In 1957 Wilson recorded “Reet Petite“, a song Gordy had co-written with his sister Gwen and writer-producer, Billy Davis. It became a modest hit, but had more success internationally, especially in the UK where it reached the Top 10 and even later topped the chart on re-issue in 1986. Wilson recorded six more songs co-written by Gordy over the next two years, including “Lonely Teardrops“, which topped the R & B charts and got to number 7 in the pop chart. Berry and Gwen Gordy also wrote “All I Could Do Was Cry” for Etta James at Chess Records.
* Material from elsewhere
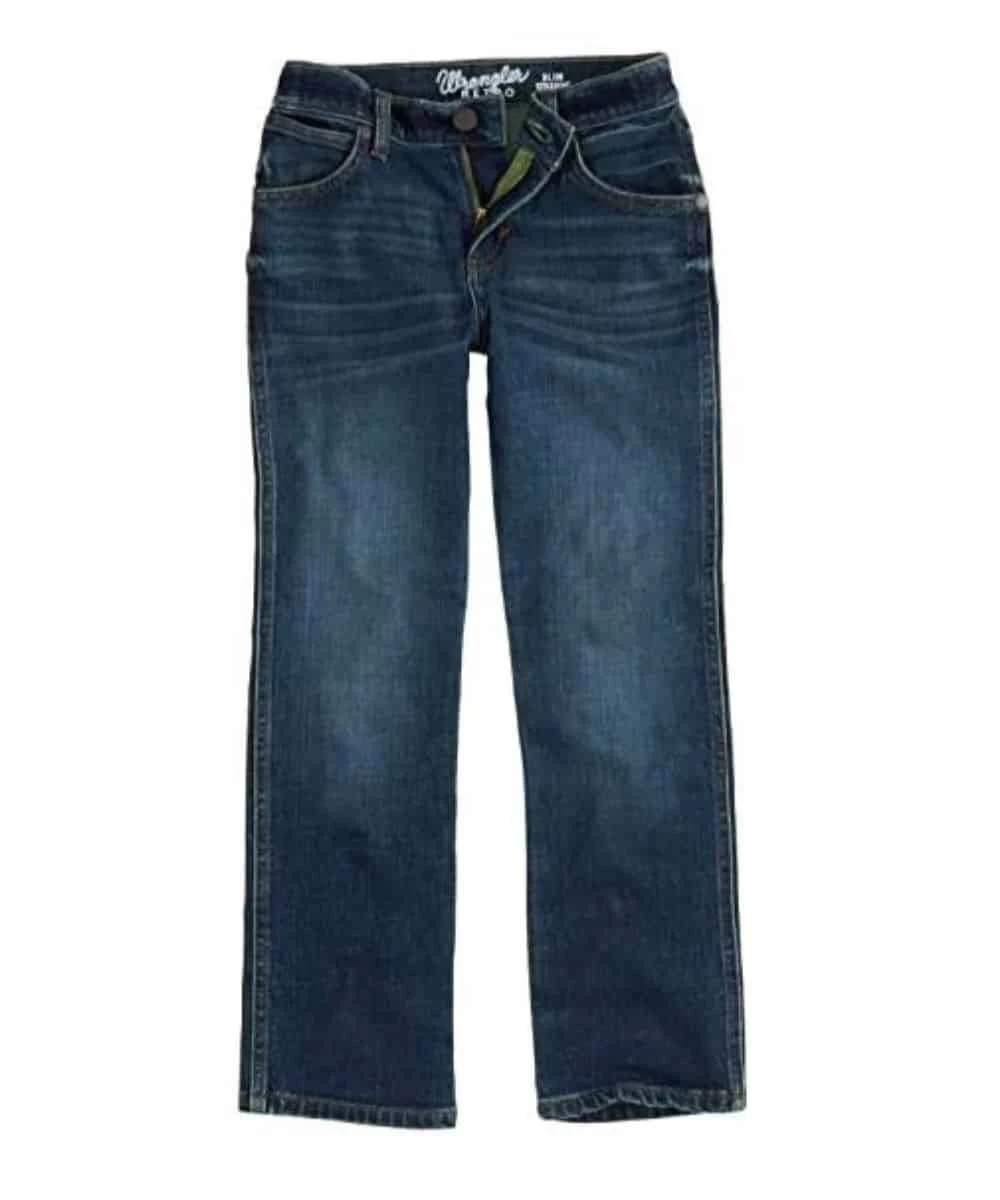 Wrangler Boys' Retro Straight Jean 1 Wrangler Boys' Retro Straight Jean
Gordy reinvested the profits from his songwriting success into producing. In 1957, he discovered The Miracles (originally known as The Matadors) and began building a portfolio of successful artists. In 1959, at Miracles leader Smokey Robinson‘s encouragement, Gordy borrowed $800 from his family to create R&B label Tamla Records. On January 21, 1959, “Come To Me” by Marv Johnson was issued as Tamla 101. United Artists Records picked up “Come To Me” for national distribution, as well as Johnson’s more successful follow-up records (such as “You Got What It Takes“, co-produced and co-written by Gordy). Berry’s next release was the only 45 ever issued on his Rayber label, and it featured Wade Jones with an unnamed female back-up group. The record did not sell well and is now one of the rarest issues from the Motown stable. Berry’s third release was “Bad Girl” by The Miracles, and was the first-ever release for the Motown record label. “Bad Girl” was a solid hit in 1959 after Chess Records picked it up. Barrett Strong‘s “Money (That’s What I Want)” initially appearing on Tamla and then charted on Gordy’s sister’s label, Anna Records, in February 1960. The Miracles‘ hit “Shop Around” peaked at No. 1 on the national R&B charts in late 1960 and at No. 2 on the Billboard pop charts on January 16, 1961 (#1 Pop, Cash Box), which established Motown as an independent company worthy of notice. Later in 1961, The Marvelettes‘ “Please Mr. Postman” made it to the top of both charts.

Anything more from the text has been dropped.